WORK REQUIRED> Read through the lines below for the string "view" and copy each one that has it.

RECORD EXTRACTS>
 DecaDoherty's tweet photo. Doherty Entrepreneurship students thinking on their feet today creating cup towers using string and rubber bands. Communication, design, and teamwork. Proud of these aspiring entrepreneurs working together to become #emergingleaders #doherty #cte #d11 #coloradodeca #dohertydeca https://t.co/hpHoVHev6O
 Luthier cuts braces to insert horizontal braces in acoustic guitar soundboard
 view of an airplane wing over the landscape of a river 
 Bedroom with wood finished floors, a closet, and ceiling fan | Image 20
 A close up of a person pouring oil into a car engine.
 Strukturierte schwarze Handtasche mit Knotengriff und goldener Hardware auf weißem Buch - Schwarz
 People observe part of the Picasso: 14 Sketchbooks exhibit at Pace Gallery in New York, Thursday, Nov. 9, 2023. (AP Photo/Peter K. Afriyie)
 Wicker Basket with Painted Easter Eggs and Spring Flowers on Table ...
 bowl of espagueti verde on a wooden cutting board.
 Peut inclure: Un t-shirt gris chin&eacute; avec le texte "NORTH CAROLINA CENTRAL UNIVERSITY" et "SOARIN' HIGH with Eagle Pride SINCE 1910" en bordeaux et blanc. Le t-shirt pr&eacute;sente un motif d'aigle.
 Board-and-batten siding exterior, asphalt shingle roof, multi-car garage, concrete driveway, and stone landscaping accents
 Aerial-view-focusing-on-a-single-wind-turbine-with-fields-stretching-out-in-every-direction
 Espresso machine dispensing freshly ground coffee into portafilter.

TASK RESULT>
 view of an airplane wing over the landscape of a river 
 Aerial-view-focusing-on-a-single-wind-turbine-with-fields-stretching-out-in-every-direction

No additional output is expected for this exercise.